Jak ubrać dziecko w góry? To kolejny dylemat, z jakim muszą zmagać się rodzice, którzy wraz ze swoimi pociechami planują wybrać się w góry. Kończy się to zazwyczaj na zabieraniu ze sobą dużej ilości ubrań, które kompletnie się nie przydają. Pocieszymy Was, my też tak zaczynaliśmy. Na wycieczkę zabieraliśmy naprawdę sporo ubrań Tosi. Zastanawialiśmy się, co jej założyć, by z jednej strony jej nie przegrzać, a z drugiej strony, by nie zmarzła. By uzyskać odpowiedź na te pytania, stosowaliśmy metodę prób i błędów, aż w końcu wypracowaliśmy pewien wzorzec, który sprawdzał się nam niezależnie od panujących warunków atmosferycznych. Wraz ze zmieniającymi się porami roku oraz dorastaniem Tosi musieliśmy go tylko nieznacznie modyfikować.

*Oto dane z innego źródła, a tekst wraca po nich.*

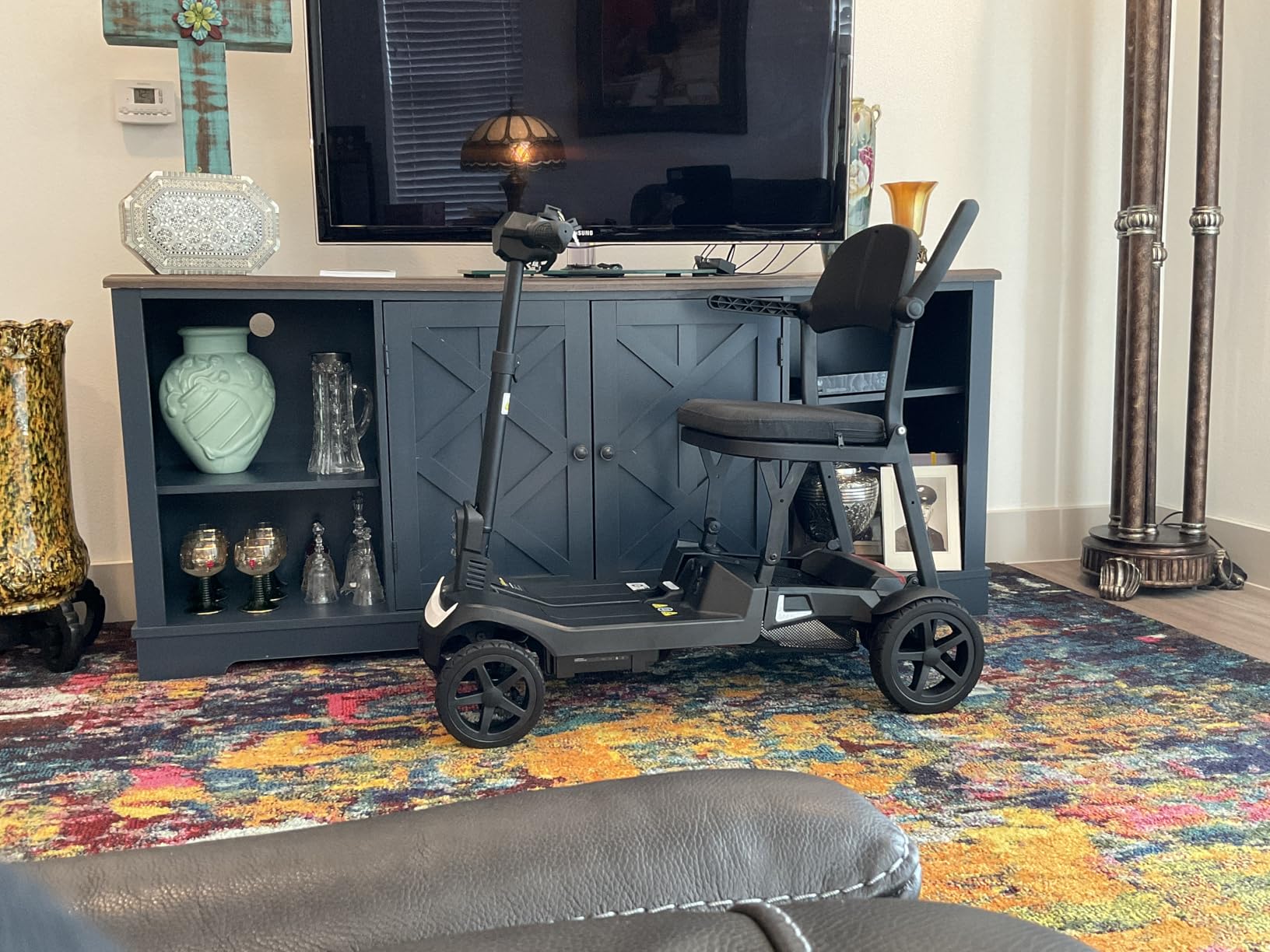 37.5lb Lightweight Mobility Scooter for Seniors & Adults - Cruise & Airline Approved, Removable Lithium Battery, Foldable Portable Travel Motorized Scooter, No Assembly Needed customer photo 2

Trudne początki- Jak ubrać dziecko w góry?
Nasza Tosia urodziła się w lipcu. Stąd czas na pierwsze wędrówki, te krótsze i te nieco dalsze przypadł w sierpniu. Miesiąc ten był niezwykle ciepły i słoneczny. Na wycieczki wybieraliśmy się wczesnym rankiem, bądź późnym popołudniem. Wszystko po to, aby ochronić Tosię przed negatywnym oddziaływaniem promieniowania słonecznego, a także, by jej nie przegrzać. Początkowo ubieraliśmy ją w bawełniany bodziak i spodnie. Połączenie takiego zestawu z chustą i ciepłem naszego ciała okazało się fiaskiem. Mokra od potu była chusta, Tosia, my.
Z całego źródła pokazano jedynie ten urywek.